Median home sale prices on Long Island have hit a record high as overall transactions and the number of homes for sale continue to decline.
The median home price on the Island – excluding the North Fork and the Hamptons – was $450,000 in the July-to-September period, brokerage Douglas Elliman and appraisal company Miller Samuel are due to report Thursday. The 5.9 percent increase in median home prices from a year earlier marks a record high in the 16 years Douglas Elliman has tracked such data, the brokerage said.
The number of home sales closed in that period declined 2.6 percent to 8,304, and overall inventory fell 9.1 percent to 11,650 from 12,818 in the year earlier period.

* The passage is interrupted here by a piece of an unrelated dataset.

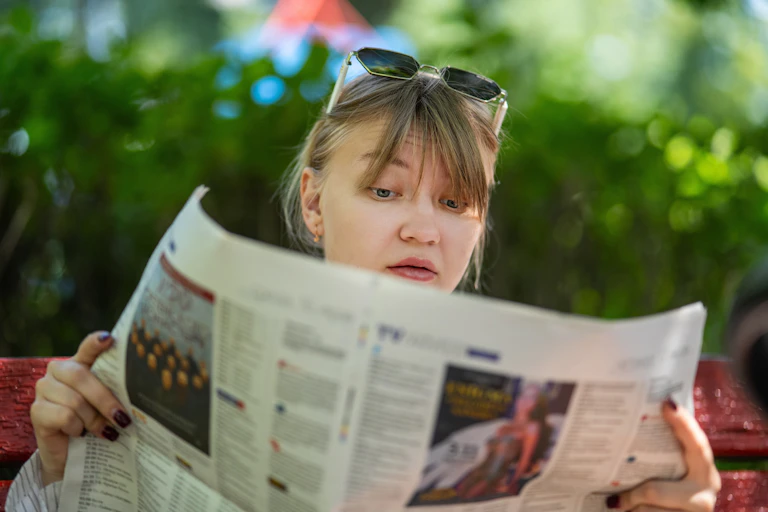 A young woman reading a newspaper with a surprised look on her face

“What we’ve been seeing for about four years has been very robust price growth and essentially a chronic lack of inventory,” said Jonathan J. Miller, president and chief executive of Miller Samuel.
While median prices hit a record, Miller noted that price increases alone are not the primary factor to look at when determining the health of the market. Low inventory, combined with rising mortgage rates and economic uncertainty, have contributed to fewer overall transactions.
“It’s been a couple years in the works, and I think rising mortgage rates have helped accelerate it,” he said.
The Hamptons saw a median sale price increase of 8.4 percent, rising to $965,000 from $890,000.
The median home price on the North Fork jumped to $619,000 from $550,000 a year earlier, representing a 12.5 percent increase.
The median sales price for the luxury market – homes representing the top 10 percent of sale prices – dipped to $1.2 million, down 1 percent from last year.
“We have the luxury market where there’s downward pressure on pricing,” said Ann Conroy, president of Douglas Elliman’s Long Island Division. “With the entry market, there’s a lack of inventory and there’s many more buyers than sellers.”
Both Conroy and Miller said that the pattern of rising prices will begin to level off as affordability begins to play a larger role.
“The rate of price growth of the last four or five years doesn’t seem to be sustainable,” Miller said. “You can’t continue at 5 or 6 percent annual growth when wages aren’t rising anywhere near that and credit conditions, from a historical context, are tighter than the norm.”